What the task requires =
Please repeat, exactly as written, the line containing "天女花什么时候种植比较好？" and every line after it through the end of the records below, leaving out any pictures.

Dataset content =
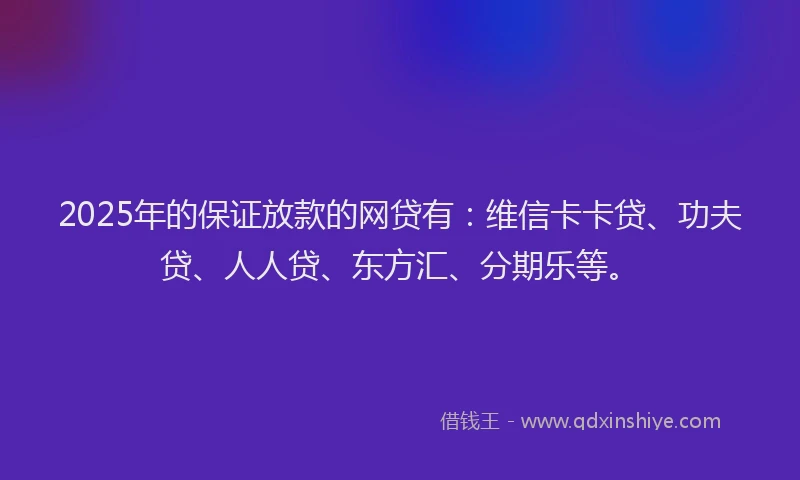 2025年的保证放款的网贷有：维信卡卡贷、功夫贷、人人贷、东方汇、分期乐等。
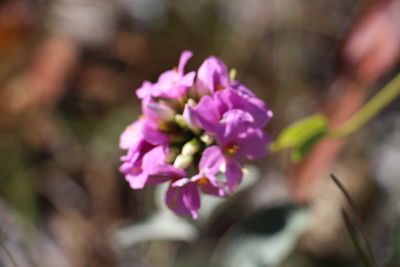 Close-up of pink flowers blooming outdoors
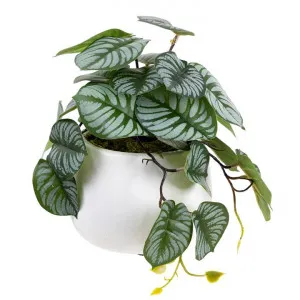 Glamorous Fusion Artificial Calathea in Pot, 17cm by Glamorous Fusion, a Plants for sale on Style Sourcebook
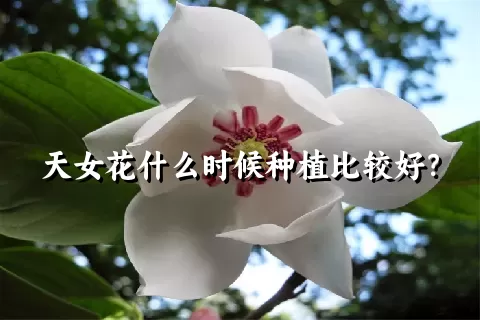 天女花什么时候种植比较好？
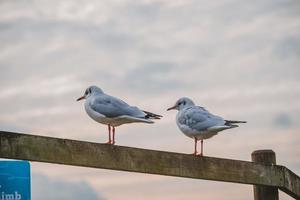 deux oiseaux se reposant dans une clôture en bois photo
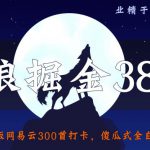 侠狼掘金38招第7招：新版网易云300首打卡，傻瓜式全自动挂机玩法【视频课程】-网创指引人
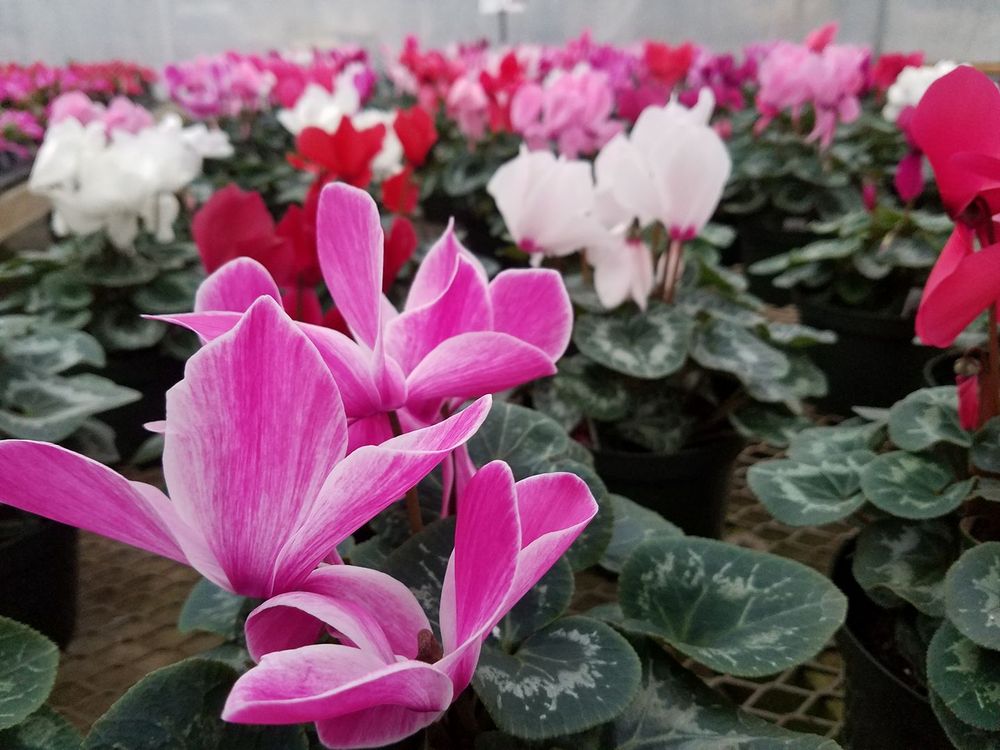 Alta Florist & Greenhouse 67 Photos Florists 935 Home Rd S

Solution =
 天女花什么时候种植比较好？
 deux oiseaux se reposant dans une clôture en bois photo
 侠狼掘金38招第7招：新版网易云300首打卡，傻瓜式全自动挂机玩法【视频课程】-网创指引人
 Alta Florist & Greenhouse 67 Photos Florists 935 Home Rd S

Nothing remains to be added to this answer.